Noi siciliani, si sa, non brilliamo certo per puntualità; ed i nostri tempi sono decisamente diversi da quelli frenetici degli “industriosi” nordici. Noi quando dobbiamo fissare un appuntamento lo facciamo sempre per approssimazione. Ci vediamo verso le undici; mai sentirete un siciliano dire: “Ci vediamo alle undici”; troppo impegnativo.

Ecco quindi che chi ritarda per abitudine, arrivando sempre ultimo agli appuntamenti, soprattutto nel palermitano è definito come “a vara i sannuminicu”. Perché?

Questo antico detto fa in effetti riferimento ad un evento religioso ed in particolare alla  processione di Santa Rosalia.

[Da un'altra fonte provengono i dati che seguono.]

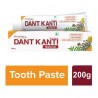 Patanjali Dant Kanti Natural Power Toothpaste, (Pack of 2), 200g Each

Durante il festino della santuzza infatti, proprio in occasione della processione, a Palermo sfilavano anticamente diversi fercoli con le immagini di tanti santi; tra questi, secondo un ordine rigorosamente prestabilito, quella che arrivava sempre per ultima era la vara di San Domenico.

Ecco quindi che con il trascorrere del tempo il popolo non esitò ad associare tale fatto a quelle persone che agli appuntamenti giungono sempre in ritardo o comunque sempre per ultimi.
Se siete quindi fra questi, potrebbe capitarvi di essere definiti proprio “a vara i Sannuminicu”; traetene quindi le dovute conclusioni.